Amazon is pulling back from free Whole Foods deliveries. Now, it’ll cost $9.95 to get an order of organic milk and fancy olives at your door.
It’s a signal that even the biggest of retail giants are now passing on the added costs of delivery and other expenses to consumers.
Deliveries are a headache for grocers — refrigerated trucks, tight windows for those perishable foods and driver wages. Those costs quickly add up for retailers.
“Maybe seven bucks a delivery,” said Sucharita Kodali, a retail analyst at Forrester. It’s just not a service that makes much sense. “Grocery, in the best of circumstances, is a very low-margin business, and then when you add delivery on top of it, it’s just unprofitable,” she said.

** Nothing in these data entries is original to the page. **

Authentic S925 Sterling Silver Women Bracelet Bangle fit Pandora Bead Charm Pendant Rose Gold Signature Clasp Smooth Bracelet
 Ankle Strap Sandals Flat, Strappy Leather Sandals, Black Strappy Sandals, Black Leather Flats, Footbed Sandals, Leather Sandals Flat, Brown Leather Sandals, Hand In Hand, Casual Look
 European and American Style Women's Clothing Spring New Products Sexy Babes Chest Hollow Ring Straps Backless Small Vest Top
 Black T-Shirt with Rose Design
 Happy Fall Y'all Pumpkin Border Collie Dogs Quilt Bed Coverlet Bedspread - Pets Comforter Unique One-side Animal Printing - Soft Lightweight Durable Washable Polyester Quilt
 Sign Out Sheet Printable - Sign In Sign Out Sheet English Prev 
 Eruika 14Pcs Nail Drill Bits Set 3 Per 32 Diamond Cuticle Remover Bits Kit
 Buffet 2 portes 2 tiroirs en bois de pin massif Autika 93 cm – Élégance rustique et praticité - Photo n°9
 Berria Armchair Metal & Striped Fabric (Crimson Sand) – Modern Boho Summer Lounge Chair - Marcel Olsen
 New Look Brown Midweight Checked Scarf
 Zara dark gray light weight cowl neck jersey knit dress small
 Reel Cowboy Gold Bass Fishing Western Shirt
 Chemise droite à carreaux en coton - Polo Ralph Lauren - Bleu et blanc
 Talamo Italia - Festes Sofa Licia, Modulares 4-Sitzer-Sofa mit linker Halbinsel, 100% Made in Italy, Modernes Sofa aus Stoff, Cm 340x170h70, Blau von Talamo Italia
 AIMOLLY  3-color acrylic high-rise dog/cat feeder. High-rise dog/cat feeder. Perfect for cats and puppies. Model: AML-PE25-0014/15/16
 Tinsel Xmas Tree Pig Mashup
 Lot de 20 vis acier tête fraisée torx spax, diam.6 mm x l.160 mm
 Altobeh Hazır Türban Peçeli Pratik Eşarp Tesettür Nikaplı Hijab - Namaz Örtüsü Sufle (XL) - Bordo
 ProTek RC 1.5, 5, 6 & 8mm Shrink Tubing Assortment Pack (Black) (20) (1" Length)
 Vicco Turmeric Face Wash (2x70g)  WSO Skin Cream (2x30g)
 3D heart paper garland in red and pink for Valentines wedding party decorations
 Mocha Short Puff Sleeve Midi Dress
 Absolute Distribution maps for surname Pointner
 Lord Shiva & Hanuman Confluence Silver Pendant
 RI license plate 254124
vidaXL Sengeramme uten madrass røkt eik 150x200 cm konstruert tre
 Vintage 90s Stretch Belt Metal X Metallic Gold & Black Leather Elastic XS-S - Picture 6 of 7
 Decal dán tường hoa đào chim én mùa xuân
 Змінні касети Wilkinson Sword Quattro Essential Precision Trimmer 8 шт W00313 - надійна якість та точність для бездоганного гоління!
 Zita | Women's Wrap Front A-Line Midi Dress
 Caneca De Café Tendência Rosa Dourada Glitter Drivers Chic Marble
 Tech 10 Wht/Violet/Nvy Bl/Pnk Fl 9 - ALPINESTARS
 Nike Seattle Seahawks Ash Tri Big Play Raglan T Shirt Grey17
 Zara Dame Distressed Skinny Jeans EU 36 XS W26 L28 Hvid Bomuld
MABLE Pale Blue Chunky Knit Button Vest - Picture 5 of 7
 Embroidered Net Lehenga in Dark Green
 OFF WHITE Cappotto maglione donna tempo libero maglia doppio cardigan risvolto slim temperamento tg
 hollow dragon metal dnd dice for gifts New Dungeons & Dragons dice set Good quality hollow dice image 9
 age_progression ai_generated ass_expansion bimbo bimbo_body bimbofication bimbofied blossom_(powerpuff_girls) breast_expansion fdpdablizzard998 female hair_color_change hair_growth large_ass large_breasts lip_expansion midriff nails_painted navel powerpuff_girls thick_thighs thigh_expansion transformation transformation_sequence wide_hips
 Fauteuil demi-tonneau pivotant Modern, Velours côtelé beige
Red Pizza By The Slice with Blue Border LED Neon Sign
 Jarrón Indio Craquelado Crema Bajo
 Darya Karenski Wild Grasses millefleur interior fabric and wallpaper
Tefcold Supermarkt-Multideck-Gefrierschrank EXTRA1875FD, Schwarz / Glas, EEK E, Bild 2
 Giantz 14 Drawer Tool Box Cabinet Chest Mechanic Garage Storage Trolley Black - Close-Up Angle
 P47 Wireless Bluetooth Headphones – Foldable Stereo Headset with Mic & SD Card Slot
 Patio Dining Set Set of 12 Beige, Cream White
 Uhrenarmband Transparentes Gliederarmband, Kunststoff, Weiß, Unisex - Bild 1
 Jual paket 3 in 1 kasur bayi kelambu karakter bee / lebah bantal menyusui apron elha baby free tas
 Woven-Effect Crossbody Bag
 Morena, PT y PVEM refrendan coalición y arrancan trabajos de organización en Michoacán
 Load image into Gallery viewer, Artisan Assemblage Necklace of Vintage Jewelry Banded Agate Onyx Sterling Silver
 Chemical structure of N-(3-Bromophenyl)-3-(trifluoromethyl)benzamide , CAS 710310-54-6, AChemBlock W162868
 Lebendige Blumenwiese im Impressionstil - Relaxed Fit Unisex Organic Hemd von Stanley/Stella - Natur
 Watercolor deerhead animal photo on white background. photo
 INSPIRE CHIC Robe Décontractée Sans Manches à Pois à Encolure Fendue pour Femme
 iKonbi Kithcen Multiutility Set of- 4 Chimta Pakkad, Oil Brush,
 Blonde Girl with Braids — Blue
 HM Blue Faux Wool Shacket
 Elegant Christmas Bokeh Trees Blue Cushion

Whether parking, packaging or delivery, people don’t like to pay for things that are not actual products. That’s why many retailers often only reveal fees when it comes to checkout time, said Ayelet Fishbach, professor at the University of Chicago Booth School of Business.
“At that point, you’re probably too tired to pay attention to this cost. You’re already too invested in getting these groceries, and so you are likely to buy,” Fishbach said.
And in this economy, fees can feel inevitable, said Diana Smith at Mintel.
“Given where inflation rates are right now and the increasing prices that retailers are having to absorb, they are unfortunately having to pass along some costs to consumers. And it is risky,” she said.
Risky because some customers will reject those costs — like Henry Corelle, who used to get Whole Foods deliveries two or three times a month in Chicago. Last winter, he’d sometimes get deliveries more often when it was freezing for weeks.
“The ability to not leave the house was spectacular,” he said.
But Corelle’s not happy with the fee.
“It feels ticky tacky on top of already paying that Amazon Prime annual membership,” he said.
Corelle shops at Target now. But he said he might be less grumpy about the Whole Foods fee when snow falls again.